To be clear, the Federal Reserve establishes the federal funds rate -- the rate banks charge one another for short-term borrowing. The Fed doesn't officially set interest rates that apply directly to consumers. But there tends to be a strong correlation between the Fed's benchmark rates and consumer interest rates. Here are a few ways the Fed's announcement could impact you.
If you've had money in a savings account for some time, you may have noticed that you're not getting as high an interest rate on your cash as you once did. Unfortunately, low savings account rates -- and CD rates -- are an inevitable byproduct of the Fed's decision, which means that if you've socked away enough money to cover three to six months' worth of living expenses, you might consider putting your excess savings into a product that can give you a higher rate of return. Investing in a brokerage account, for example, could help you do a lot more with your money, despite the risks involved.

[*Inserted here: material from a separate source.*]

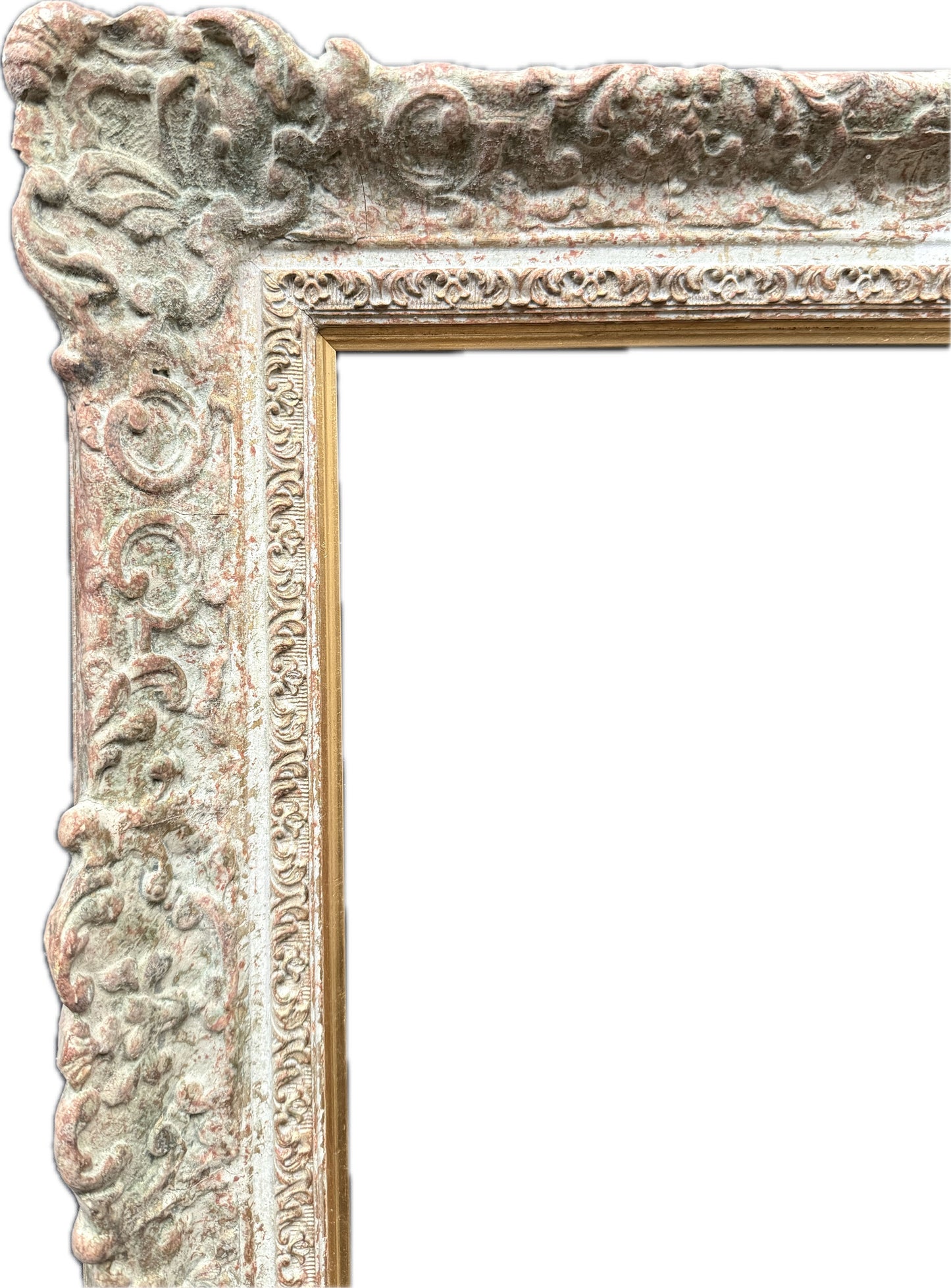 20th century painted French Montparnasse frame with gilt slip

Many credit cards have a variable interest rate, which means the amount of interest you pay on your debt can fluctuate. By keeping its benchmark rate low, the Fed is also effectively helping to keep credit card interest rates lower. That's a good thing for people carrying a balance.
Low interest rates also translate to more affordable borrowing options. In fact, personal loan rates have come down recently, making them a more appealing choice for those who need money in a pinch.
Though the Fed doesn't actually set mortgage rates, it does influence how they trend. Mortgage rates have been at or near record lows since summertime, and the Fed news means they're likely to stay low for the foreseeable future. This gives home loan applicants a chance to lock in affordable monthly payments on a home purchase. It also makes it a good time for current mortgage borrowers to refinance their home loans. Of course, not everyone will qualify for a mortgage today, because some lenders are imposing tighter borrowing requirements for applicants. But if you have a great credit score, little existing debt, and a steady job, you may be in a good position to apply for a competitive new home mortgage or refinance loan.
While savers may lose out in the form of less bank account interest due to the Fed's recent announcement, the upside is that borrowing is likely to be more affordable in the near term. And while it's best to avoid unhealthy borrowing -- as in credit card debt -- it is good to have options.